Nor are we confined to the witness of our personal discoveries. There is
a social attestation of the workableness of faith. The surest way of
establishing the worth of our religious experience is to share it with
another; the strongest confirmation of the objective existence of Him
with whom we have to do is to lead another to see Him. The most
effective defender of the faith is the missionary. "It requires," as
David Livingstone said, "perpetual propagation to attest its
genuineness." Not they who sit and study and discuss it, however
cleverly and learnedly, discover its truth; but they who spend and are
spent in attempting to bring a whole world to know the redeeming love of
One who is, and who rewards with indubitable sonship with Himself those
who prove wholeheartedly loyal.
For our final assurance we appeal confidently to the future. The glory
of the Lord will only be fully revealed when all flesh see it together.
But with personal certainty, based on our own experience, corroborated
by the testimony of all the saints, we both wait hopefully and work
tirelessly for the day when our God through Christ shall be all in all.
CHAPTER II
THE BIBLE
In terms of the definition of religion given in the last chapter, we may
describe the Bible as the record of the progressive religious experience
of Israel culminating in Jesus Christ, a record selected by the
experience of the Jewish and Christian Church, and approving itself to
Christian experience today as the Self-revelation of the living God.

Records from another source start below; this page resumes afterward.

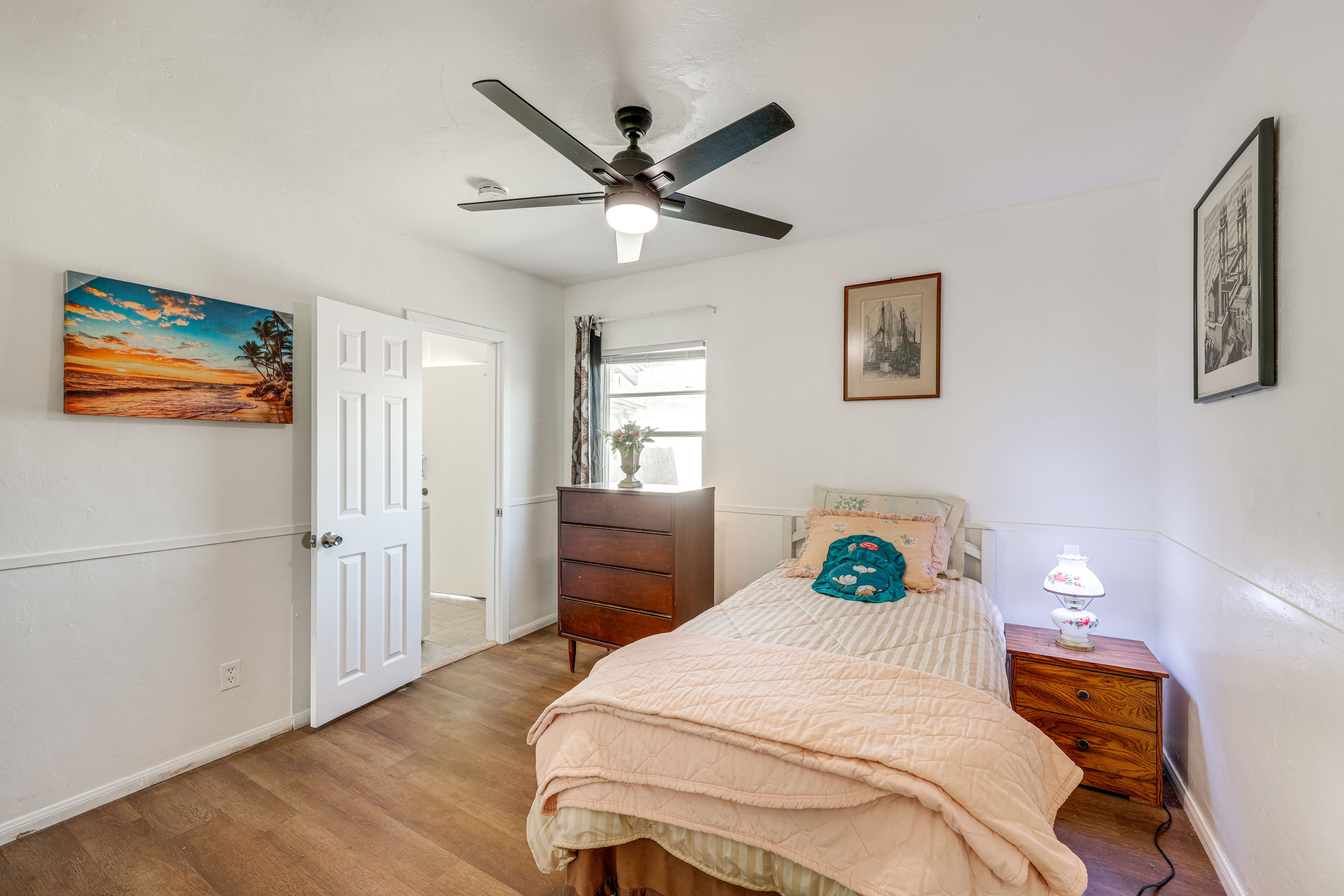 Bedroom 2 | Twin Bed w/ Twin Trundle Bed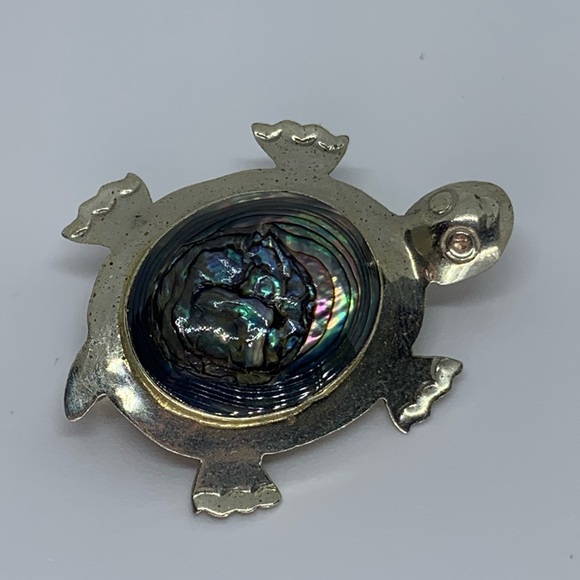 Sterling Silver and Abalone Turtle Brooch - Picture 4 of 5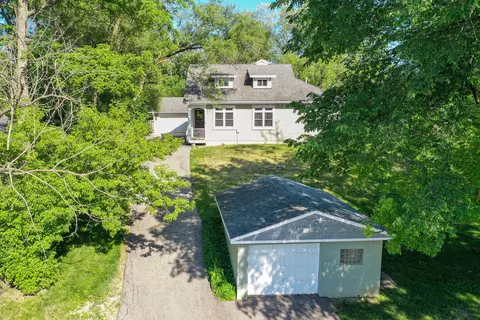 7965 Mchenry, Burlington, WI 53105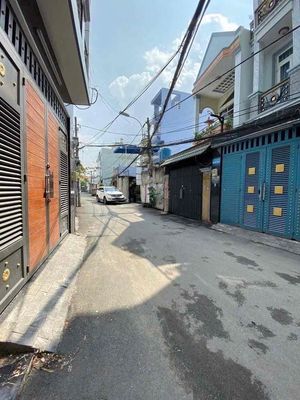 Rent a new house in the flat of the car alley - 4 X15 M 4th floor bedroom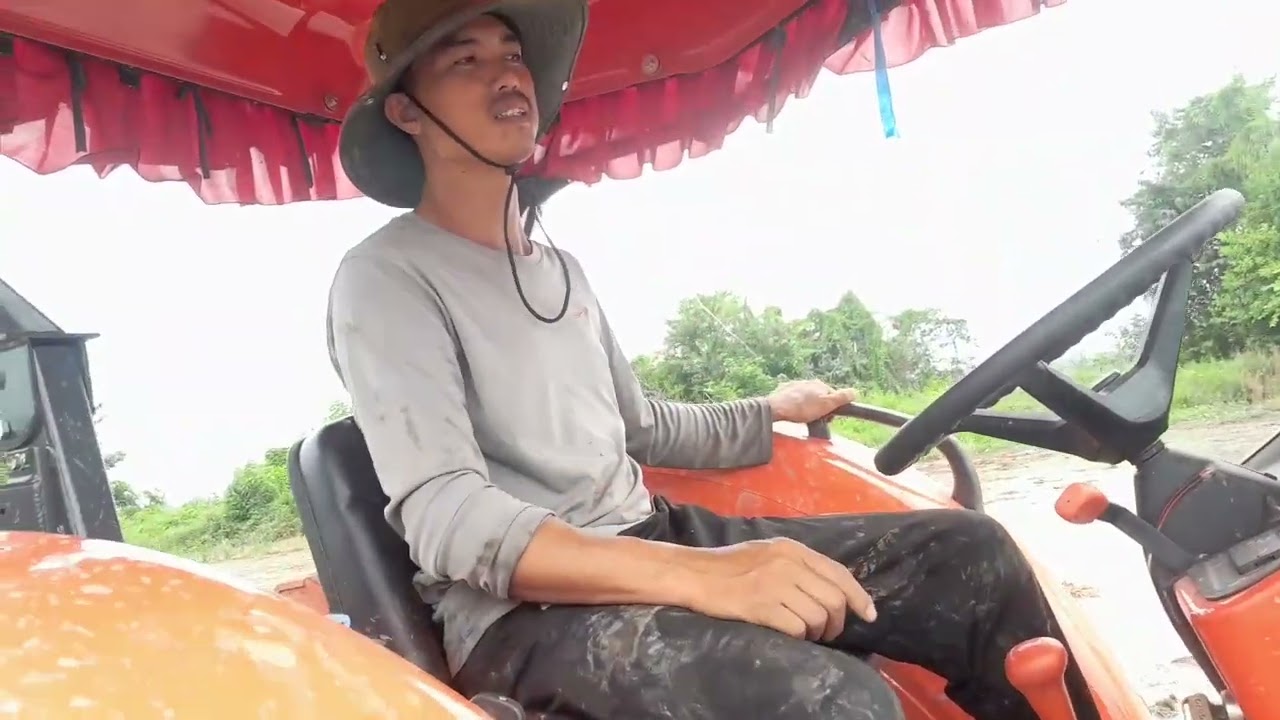 Máy cày kubota _THÁI _ 6040  Xới đất nước #Roney Tý YouTube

The Bible is a _literary_ record. It is not so much a book as a library,
containing a great variety of literary forms--legends, laws, maxims,
hymns, sermons, visions, biographies, letters, etc. Judged solely as
literature its writings have never been equalled in their kind, much
less surpassed. Goethe declared, "Let the world progress as much as it
likes, let all branches of human research develop to their utmost,
nothing will take the place of the Bible--that foundation of all culture
and all education." Happily for the English-speaking world the
translation into our tongue, standardized in the King James' Bible, is
a universally acknowledged classic; and scarcely a man of letters has
failed to bear witness to its charm and power. While most translations
lose something of the beauty and meaning of the original, there are some
parts of the English Bible which, as literature and as religion, excel
the Hebrew or Greek they attempt to render.

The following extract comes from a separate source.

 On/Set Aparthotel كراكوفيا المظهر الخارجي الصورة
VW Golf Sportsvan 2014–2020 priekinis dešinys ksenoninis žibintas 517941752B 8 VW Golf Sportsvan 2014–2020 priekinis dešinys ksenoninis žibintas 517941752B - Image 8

The Bible is a record of _religious experience_. It has but one central
figure from _Genesis_ to _Revelation_--God. But God is primarily in the
experience, only secondarily in the record. All thought succeeds in
grasping but a fraction of consciousness; thought is well symbolized in
Rodin's statue, where out of a huge block of rough stone a small finely
chiselled head emerges. With all their skill we cannot credit the men of
faith who are behind the Bible pages with making clear to themselves but
a small part of God's Self-disclosure to them. And when they came to
wreak thought upon expression, so clear and well-trained a mind as
Paul's cannot adequately utter what he feels and thinks. His sentences
strain and sometimes break; he ends with such expressions as "the love
of Christ which passeth knowledge," and God's "unspeakable gift."